The issue raised in this appeal is whether insurance coverage is available under a business auto policy. The trial court found that there was no coverage, and for the following reasons, we affirm.


BACKGROUND


This matter arises from an accident that occurred on August 11, 1998, on the premises of Superior Shipyard and Fabrication, Inc. (Superior) in Golden Meadow, Louisiana. A part-time maintenance employee for Superior, Alga Miller (Miller), was run over by a welding truck owned and operated by a sub-contractor employee, Chris Guidry (Guidry), who performed welding services exclusively for Superior's boat repair business. Guidry owned, operated and maintained his own welding equipment and vehicle. He provided liability insurance for his vehicle that he used while performing his welding services. Guidry was paid an hourly wage. Superior considered the wage to include payment for Guidry's labor as well as a fee for the use of his welding equipment. There was no written contract between Superior and Guidry outlining the terms of payment or employment.

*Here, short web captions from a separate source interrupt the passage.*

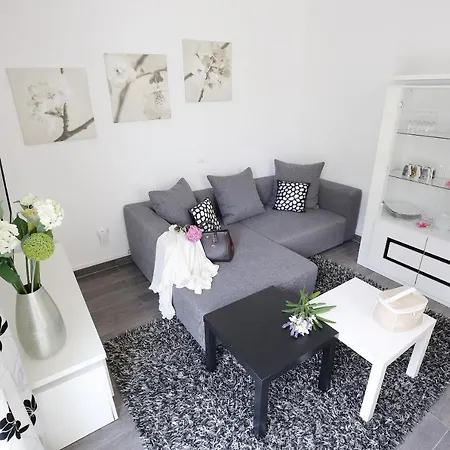 Kozino Nicole Design Apartment Exterior photo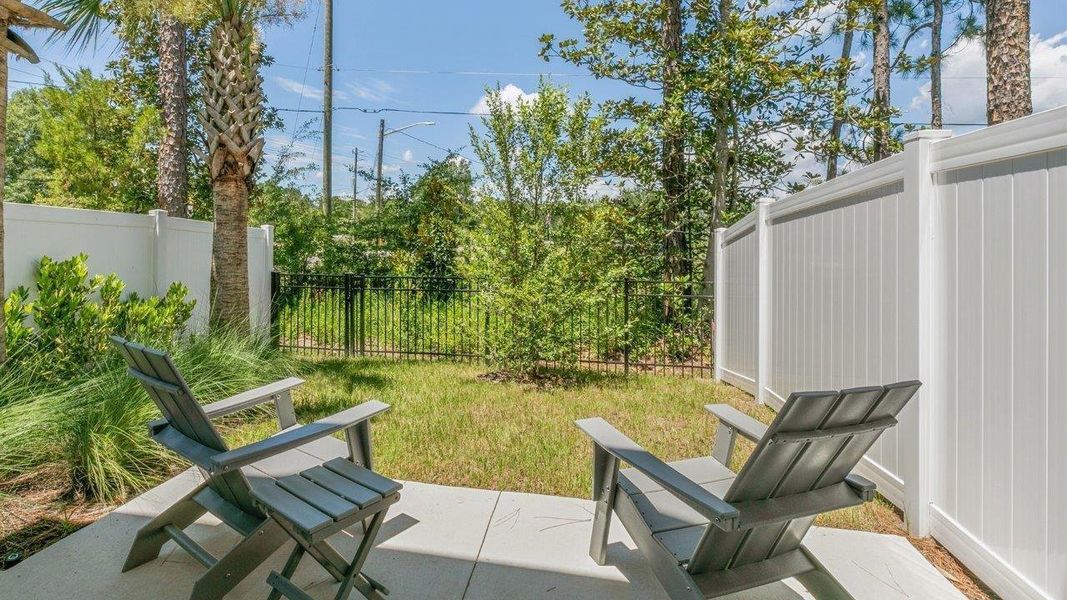 Representative furnished interior of a home built from the GREYSON by D.R. Horton in Hansen Creek, Jacksonville (Image 22).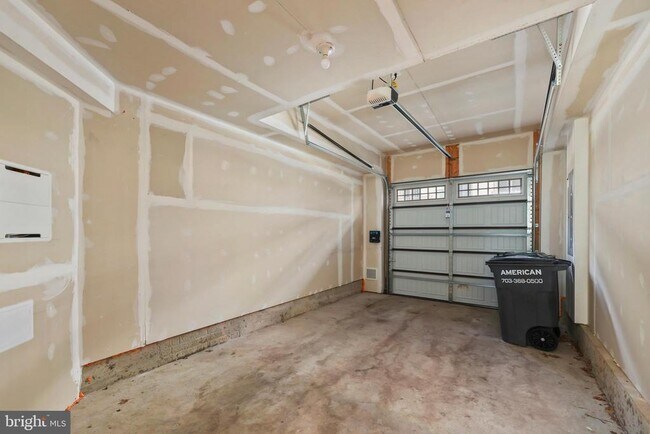 Building Photo - 1733 Dunnington Pl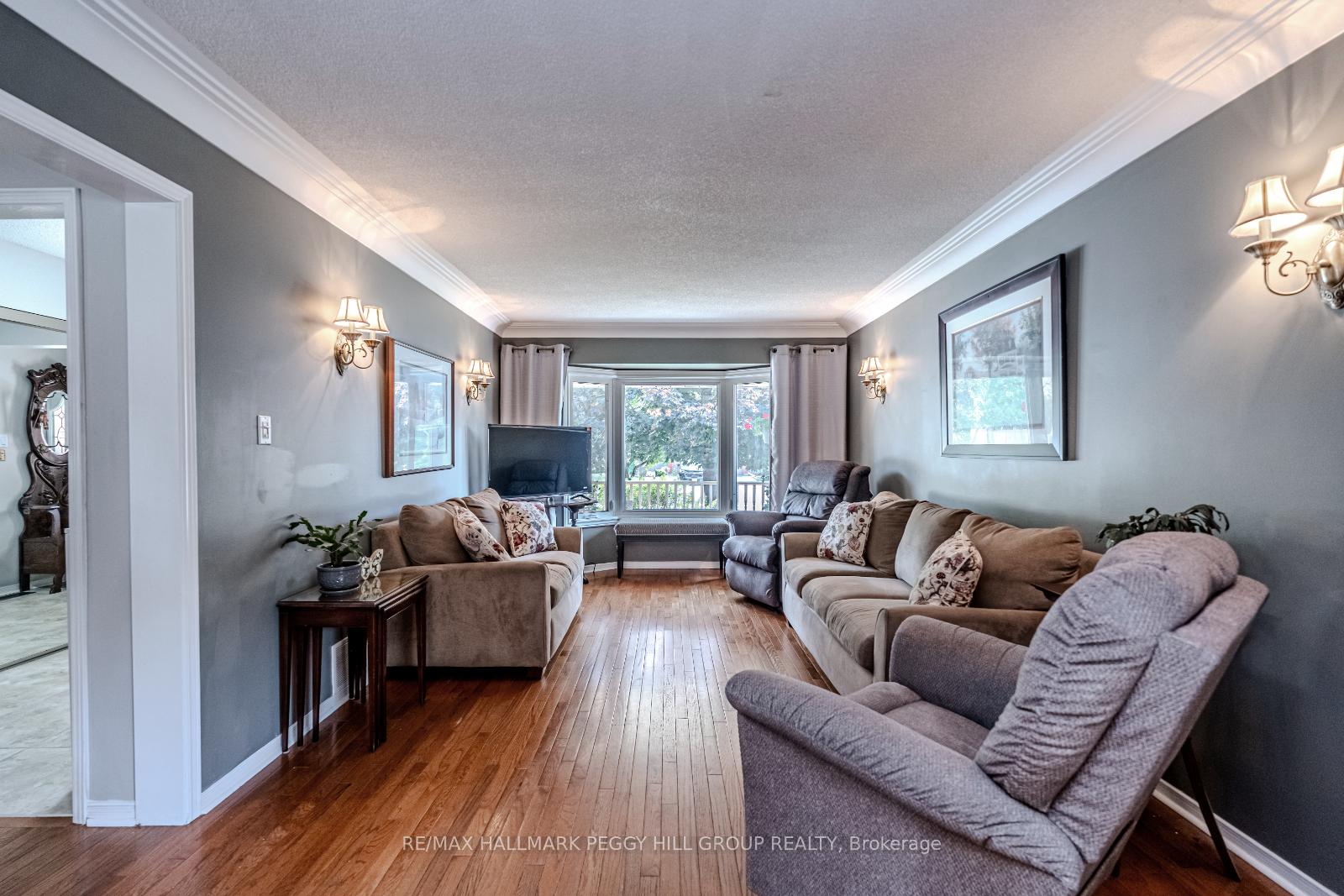 Photo 8 of 8 River Ridge Road, Barrie, Bayshore — HOMEH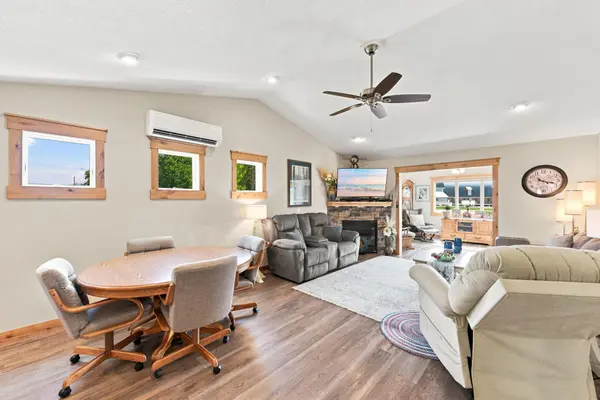 3588 Newcastle DR, River Falls, WI 54022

Allstate Insurance Company (Allstate) was brought into the litigation as the business auto insurer for Superior. Allstate denied coverage for the accident, contending that Guidry's vehicle was not an insured vehicle and that Guidry was not an insured under the Allstate policy issued to Superior. Allstate and plaintiffs filed cross-motions for summary judgment on the coverage issue. After a hearing, the trial court found that there was no coverage under the policy, denied plaintiffs' motion for summary judgment, granted Allstate's motion for summary judgment, and dismissed Allstate. Plaintiffs appeal, arguing that the trial court erred in determining the coverage issue.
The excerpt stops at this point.